Common Reconciliation Issues

  • Payout batching — Stripe and others batch multiple transactions into a single bank deposit, making it harder to match individual sales
  • Currency conversion — International transactions may involve exchange rate differences between the sale date and the payout date
  • Chargebacks — A customer disputes a charge, and the processor deducts the amount plus a chargeback fee from a future payout
  • Refunds — Refunded transactions reduce a future payout but the original processing fee is usually not refunded
  • Reserve holdbacks — Some processors hold a percentage of revenue in reserve for new or high-risk accounts

Handling Refunds

When you refund a customer, the payment processor typically reverses the transaction but does not refund the original processing fee. The accounting entries are:

Refund issued:

Debit:  Revenue                     £120.00
Credit: Stripe clearing account     £120.00

Processor deducts from next payout:

Debit:  Stripe clearing account     £120.00
Credit: Bank                        £120.00

The £2.00 fee from the original transaction remains as an expense. Some processors (e.g. Stripe) now refund the fee on full refunds — check your processor’s current policy.
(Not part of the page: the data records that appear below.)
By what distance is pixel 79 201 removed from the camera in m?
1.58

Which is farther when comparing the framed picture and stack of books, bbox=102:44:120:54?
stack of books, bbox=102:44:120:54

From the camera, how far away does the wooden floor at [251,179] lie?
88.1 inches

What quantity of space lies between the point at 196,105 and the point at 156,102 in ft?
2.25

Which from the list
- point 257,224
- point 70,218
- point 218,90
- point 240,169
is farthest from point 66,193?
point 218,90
Accounting Software Integration

Most cloud accounting platforms offer direct integrations with payment processors:

PlatformStripe IntegrationAuto-Reconciliation
XeroYes (via Stripe Feed)Automatic bank feed matching
QuickBooksYes (native integration)Automatic matching
FreeAgentYes (bank feed)Semi-automatic
SageYes (via add-on)Manual or semi-automatic

These integrations pull transaction data directly into your accounting software, separating the gross sale, the fee, and the net deposit automatically. This significantly reduces manual reconciliation work.

Recording Monthly or Annual Fees

Some processors charge fixed fees in addition to per-transaction fees:

Fee typeAccounting treatment
Monthly platform feeExpense when invoiced (may include VAT)
PCI compliance feeExpense when invoiced
Chargeback feeExpense when incurred
Terminal rentalExpense monthly (may include VAT)
Setup feeExpense when incurred (or spread if material)

These should be recorded as separate expenses from the per-transaction processing fees to maintain clarity in your invoicing and expense reporting.